Sur la régularité du jugement attaqué :
2. Il ressort de l'examen du jugement attaqué que le tribunal administratif n'a pas rejeté les conclusions indemnitaires de la société requérante au motif qu'elle n'apportait pas d'éléments lui permettant d'évaluer le préjudice résultant pour elle de l'annulation du marché du 10 janvier 2013 mais a estimé qu'il disposait d'éléments suffisants pour évaluer ce préjudice. Par suite, la société IETI n'est pas fondée à soutenir que le tribunal aurait méconnu son office en refusant de faire droit à ses conclusions tendant à ce qu'une expertise soit diligentée afin de déterminer la totalité des dépenses exposées par elle pour l'exécution du marché et l'ensemble des préjudices subis du fait de l'arrêt des prestations. Par ailleurs, dès lors qu'il ressort des motifs du jugement contesté que le tribunal, qui a rappelé que la société IETI supportait la charge de la preuve et a indiqué qu'il retenait au titre des dépenses exposées celles qui avaient été facturées et payées par la collectivité, s'est estimé suffisamment informé pour évaluer le préjudice de la requérante, il doit être regardé comme ayant implicitement écarté la demande d'expertise comme étant sans intérêt pour la solution du litige. Dans ces conditions, la circonstance qu'il n'a pas expressément rejeté cette demande n'est pas de nature à entacher son jugement d'irrégularité.

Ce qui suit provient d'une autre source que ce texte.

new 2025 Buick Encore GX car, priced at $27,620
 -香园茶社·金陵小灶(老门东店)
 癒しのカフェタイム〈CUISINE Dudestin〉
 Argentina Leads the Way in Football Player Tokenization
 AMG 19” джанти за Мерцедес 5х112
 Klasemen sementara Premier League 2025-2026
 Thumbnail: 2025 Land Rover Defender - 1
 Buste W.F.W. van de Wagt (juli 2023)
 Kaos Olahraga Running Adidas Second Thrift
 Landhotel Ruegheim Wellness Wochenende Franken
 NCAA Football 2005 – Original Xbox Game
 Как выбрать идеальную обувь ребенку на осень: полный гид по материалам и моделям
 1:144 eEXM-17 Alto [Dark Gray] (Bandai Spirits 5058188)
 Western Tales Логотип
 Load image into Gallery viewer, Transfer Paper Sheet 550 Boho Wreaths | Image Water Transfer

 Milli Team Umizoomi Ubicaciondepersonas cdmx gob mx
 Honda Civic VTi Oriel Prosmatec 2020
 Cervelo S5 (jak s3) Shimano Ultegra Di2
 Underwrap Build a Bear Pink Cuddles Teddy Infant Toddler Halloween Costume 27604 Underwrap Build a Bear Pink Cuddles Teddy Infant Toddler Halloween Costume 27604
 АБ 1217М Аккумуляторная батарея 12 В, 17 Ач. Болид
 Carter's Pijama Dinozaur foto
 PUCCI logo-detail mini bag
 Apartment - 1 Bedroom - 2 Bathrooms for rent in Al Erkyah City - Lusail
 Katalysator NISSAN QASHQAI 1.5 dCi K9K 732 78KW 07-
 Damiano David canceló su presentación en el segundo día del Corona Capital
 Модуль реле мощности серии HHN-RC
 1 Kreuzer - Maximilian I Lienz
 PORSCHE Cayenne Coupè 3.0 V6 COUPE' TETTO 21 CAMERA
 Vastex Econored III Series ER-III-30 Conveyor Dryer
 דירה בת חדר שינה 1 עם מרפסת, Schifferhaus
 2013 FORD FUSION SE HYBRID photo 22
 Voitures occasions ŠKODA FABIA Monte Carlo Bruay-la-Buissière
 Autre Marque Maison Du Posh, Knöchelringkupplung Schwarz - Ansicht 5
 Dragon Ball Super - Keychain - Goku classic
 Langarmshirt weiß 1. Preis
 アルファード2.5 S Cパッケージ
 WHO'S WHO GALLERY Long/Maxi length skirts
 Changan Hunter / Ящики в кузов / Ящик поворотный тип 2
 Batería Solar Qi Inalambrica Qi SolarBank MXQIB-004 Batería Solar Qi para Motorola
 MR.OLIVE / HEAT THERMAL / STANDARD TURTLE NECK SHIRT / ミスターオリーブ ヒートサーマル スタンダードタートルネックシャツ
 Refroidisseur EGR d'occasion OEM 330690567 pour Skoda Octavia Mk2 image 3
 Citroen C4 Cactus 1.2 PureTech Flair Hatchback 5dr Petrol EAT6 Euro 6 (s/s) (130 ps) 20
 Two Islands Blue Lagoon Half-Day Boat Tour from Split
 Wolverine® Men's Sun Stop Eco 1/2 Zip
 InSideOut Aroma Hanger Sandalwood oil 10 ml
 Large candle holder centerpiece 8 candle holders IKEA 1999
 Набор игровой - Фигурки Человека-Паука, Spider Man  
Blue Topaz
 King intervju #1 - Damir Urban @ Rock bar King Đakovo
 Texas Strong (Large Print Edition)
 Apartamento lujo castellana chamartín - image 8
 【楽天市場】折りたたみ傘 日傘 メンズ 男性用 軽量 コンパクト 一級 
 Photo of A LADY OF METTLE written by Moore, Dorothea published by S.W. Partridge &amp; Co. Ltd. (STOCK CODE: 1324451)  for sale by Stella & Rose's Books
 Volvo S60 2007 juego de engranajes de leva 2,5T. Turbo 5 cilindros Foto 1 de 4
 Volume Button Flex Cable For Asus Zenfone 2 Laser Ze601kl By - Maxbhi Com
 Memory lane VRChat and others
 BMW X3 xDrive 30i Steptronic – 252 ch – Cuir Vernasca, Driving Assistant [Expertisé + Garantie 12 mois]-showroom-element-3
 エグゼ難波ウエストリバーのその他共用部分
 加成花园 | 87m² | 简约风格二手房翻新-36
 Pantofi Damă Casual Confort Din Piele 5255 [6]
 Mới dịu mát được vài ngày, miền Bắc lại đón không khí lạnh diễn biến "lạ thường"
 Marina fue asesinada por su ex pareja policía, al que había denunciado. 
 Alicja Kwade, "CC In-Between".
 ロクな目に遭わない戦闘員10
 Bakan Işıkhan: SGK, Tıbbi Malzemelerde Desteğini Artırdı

Sur l'enrichissement sans cause :
3. le cocontractant de l'administration dont le contrat est entaché de nullité peut formuler une demande d'indemnité fondée sur l'enrichissement sans cause qui serait résulté pour l'administration des études, travaux et autres prestations qu'il a exécutés. Il est fondé en ce cas à réclamer le remboursement de celles de ses dépenses qui ont été utiles à l'administration. Si la consistance des prestations fournies s'évalue au moment où elles ont été exécutées, leur utilité pour l'administration doit être appréciée par le juge administratif à la date à laquelle il statue en tenant compte éventuellement de l'évolution des travaux ou du projet depuis leur exécution. Par suite, l'abandon du projet faisant directement l'objet des études fournies est de nature à priver les dépenses engagées par le cocontractant de toute utilité pour l'administration, à l'exception du cas où cet abandon est justifié par des difficultés révélées par ces études. La circonstance que cet abandon serait motivé par des considérations étrangères à l'intérêt général, si elle est susceptible le cas échéant d'engager la responsabilité de la collectivité sur le terrain de la faute, est sans incidence sur l'absence de droit à indemnité du cocontractant au titre de l'enrichissement sans cause. De même, est sans incidence le fait que ces dépenses aient été engagées en vue d'assurer une complète exécution du contrat déclaré nul.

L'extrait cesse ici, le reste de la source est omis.